Optional parameter. By default:allpages
[tobw] - Convert image to black and white (recommend for color image and photo).
For example "tobw=false"
Optional parameter. By default:false
[zone] - Specifies the region on the image for zonal OCR.
The coordinates in pixels relative to the left top corner in the following format: top:left:height:width.
This parameter can contain several zones separated with commas.
For example "zone=0:0:100:100,50:50:50:50"
Optional parameter.
[outputformat] - Specifies the output file format.
Can be specified up to two output formats, separated with commas.
For example "outputformat=pdf,txt"
Optional parameter. By default:doc
[gettext] - Specifies that extracted text will be returned.
For example "tobw=true"
Optional parameter. By default:false
[description] - Specifies your task description. Will be returned in response.
Optional parameter.
!!!! For getting result you must specify "gettext" or "outputformat" !!!!
"""
# Build your OCR:
# Extract text with English language by default
RequestUrl = "https://www.ocrwebservice.com/restservices/processDocument?gettext=true";
client = system.net.httpClient()
# Extract text with English and german language using zonal OCR
#RequestUrl = 'http://www.ocrwebservice.com/restservices/processDocument?language=english,german&zone=0:0:600:400,500:1000:150:400';
# Convert first 5 pages of multipage document into doc and txt
# RequestUrl = 'http://www.ocrwebservice.com/restservices/processDocument?language=english&pagerange=1-5&outputformat=doc,txt';
#Full path to uploaded document
FilePath = "C:\\test_image.jpg"
r = client.post(RequestUrl, file=FilePath, username=UserName, password=LicenseCode)
if r.statusCode == 401:
#Please provide valid username and license code
print("Unauthorized request")
exit()
# Decode Output response
jobj = r.json
ocrError = str(jobj["ErrorMessage"])
if ocrError != '':
#Error occurs during recognition
print ("Recognition Error: " + ocrError)
exit()
# Task description
print("Task Description:" + str(jobj["TaskDescription"]))
# Available pages
print("Available Pages:" + str(jobj["AvailablePages"]))
# Processed pages
print("Processed Pages:" + str(jobj["ProcessedPages"]))

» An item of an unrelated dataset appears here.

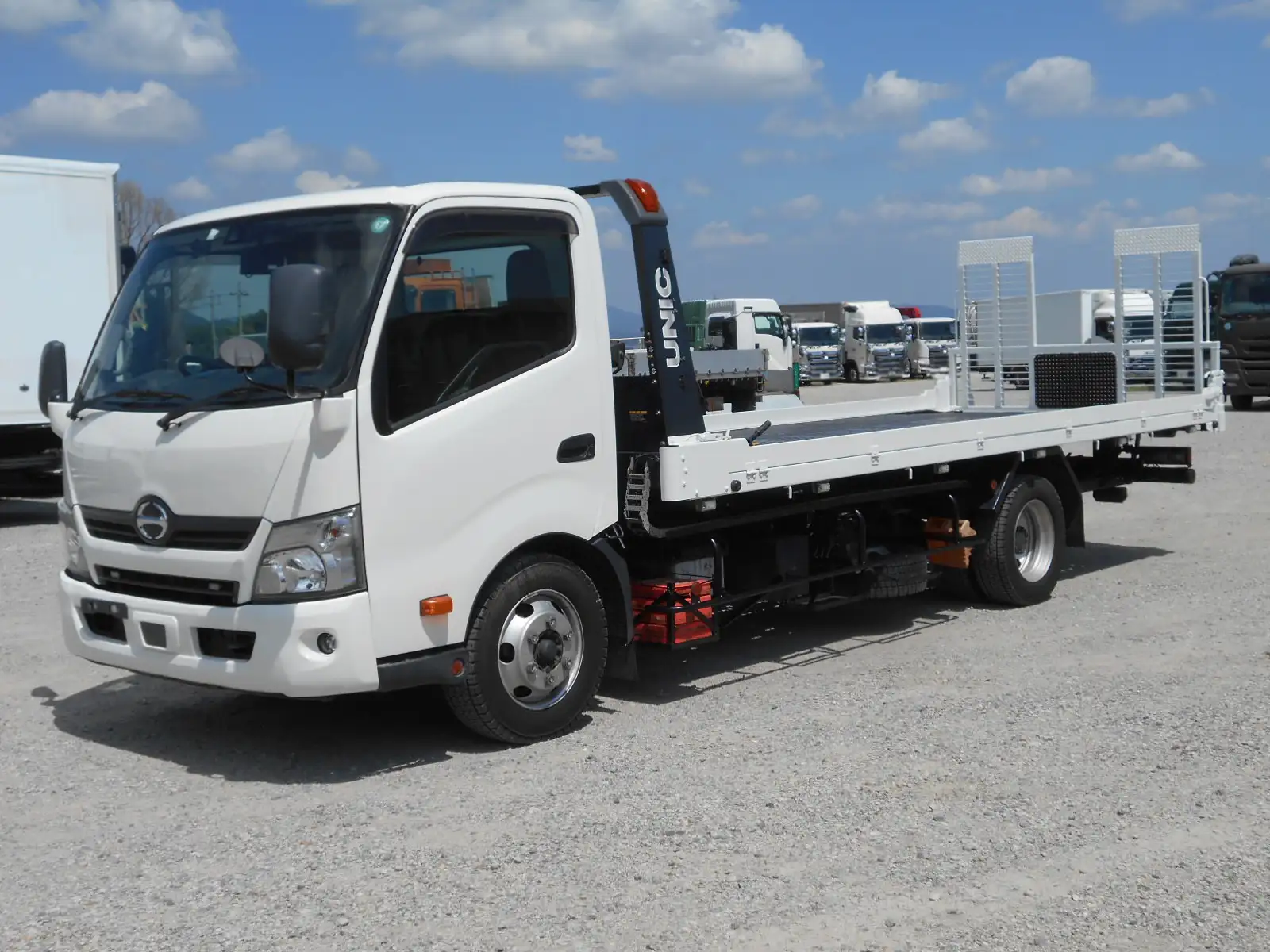 日野 デュトロ 小型 車両重機運搬 ラジコン ウインチ の中古トラック【車両No.198822】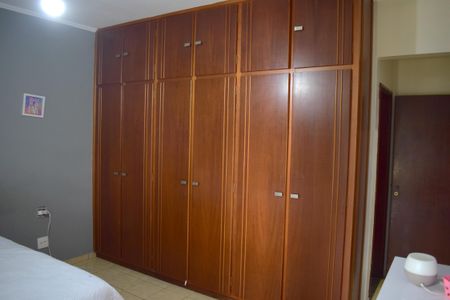 Casa para alugar com 387m², 3 quartos e 2 vagasSuíte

# For zonal or multipage OCR: OCRText[z][p] z - zone, p - pages
# Extracted text from first or single page
# print("Extracted Text:" + str(jobj["OCRText"][0][0]))
# Extracted text from second page (if multipage doc converted)
#print("Extracted Text:" + str(jobj["OCRText"][0][1]))
# Get extracted text from First zone for each page
# print("Zone 1 Page 1 Text:" + str(jobj["OCRText"][0][0]))
# print("Zone 1 Page 2 Text:" + str(jobj["OCRText"][0][1]))
# Get extracted text from Second zone for each page
#print("Zone 2 Page 1 Text:" + str(jobj["OCRText"][1][0]))
#print("Zone 2 Page 2 Text:" + str(jobj["OCRText"][1][1]))
#Download output file (if outputformat was specified)
system.file.writeFile("outputDoc.doc", client.get(jobj["OutputFileUrl"]).body)
#file_response = requests.get(jobj["OutputFileUrl"], stream=True)
#with open("outputDoc.doc", 'wb') as output_file:
# shutil.copyfileobj(file_response.raw, output_file)